> [DATASET]
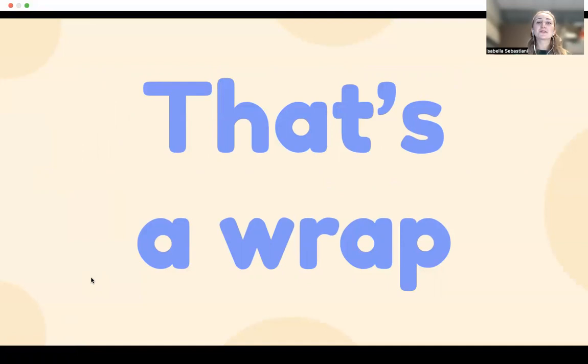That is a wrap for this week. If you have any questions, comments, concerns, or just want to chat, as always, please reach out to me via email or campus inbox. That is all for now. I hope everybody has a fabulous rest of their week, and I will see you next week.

* * *

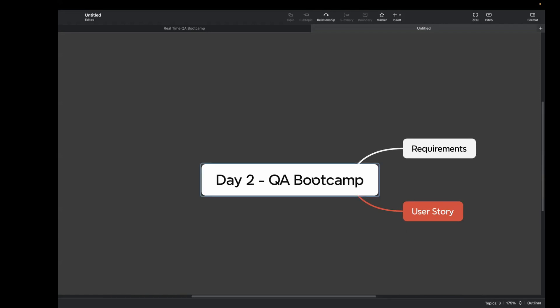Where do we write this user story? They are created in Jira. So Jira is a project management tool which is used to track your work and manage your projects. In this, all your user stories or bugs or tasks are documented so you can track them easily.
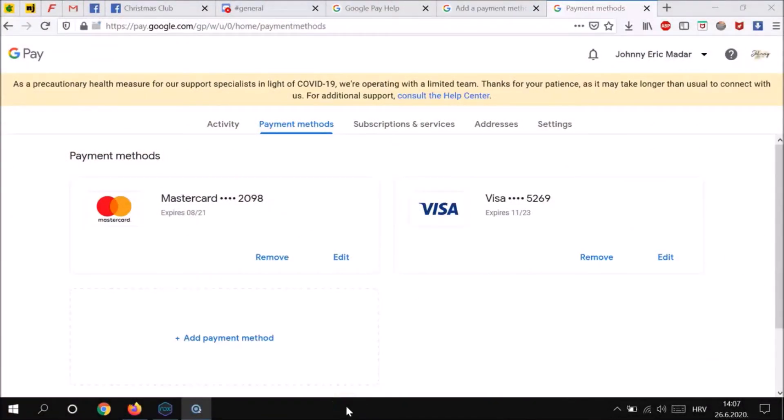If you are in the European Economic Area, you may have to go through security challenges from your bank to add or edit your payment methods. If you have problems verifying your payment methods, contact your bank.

* * *

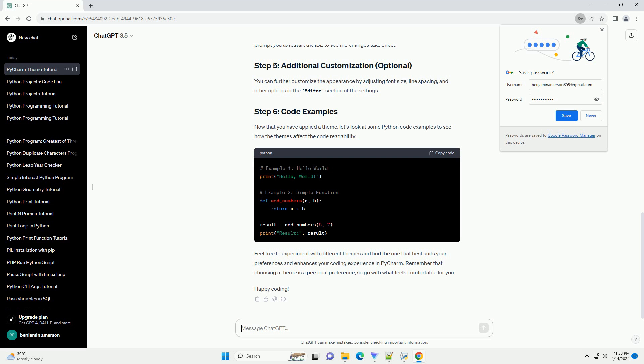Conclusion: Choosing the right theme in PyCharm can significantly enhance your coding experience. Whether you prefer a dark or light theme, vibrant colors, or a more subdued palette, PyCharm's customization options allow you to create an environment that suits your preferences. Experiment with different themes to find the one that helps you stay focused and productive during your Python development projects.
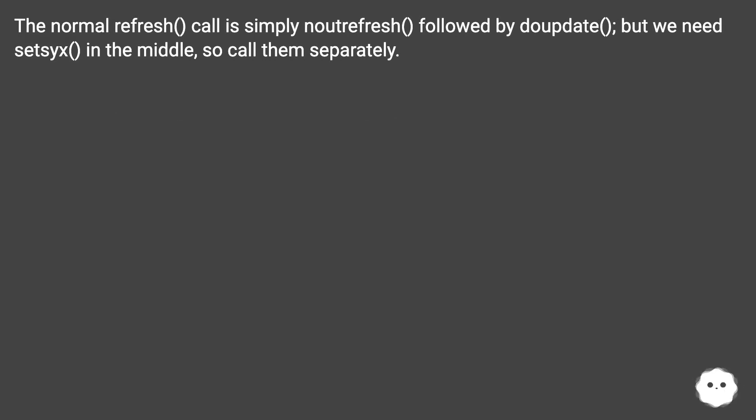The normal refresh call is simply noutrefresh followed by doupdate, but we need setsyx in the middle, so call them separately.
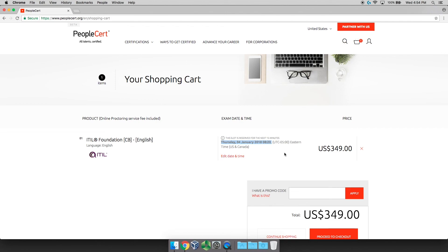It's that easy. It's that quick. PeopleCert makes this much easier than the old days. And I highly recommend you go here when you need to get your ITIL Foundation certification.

> [PROMPT] Those lines of the records above that run from the one containing "The normal refresh" through the one containing "It's that easy." should be returned exactly, with no pictures among them.

> [WRITTEN RESPONSE]
The normal refresh call is simply noutrefresh followed by doupdate, but we need setsyx in the middle, so call them separately.
It's that easy. It's that quick. PeopleCert makes this much easier than the old days. And I highly recommend you go here when you need to get your ITIL Foundation certification.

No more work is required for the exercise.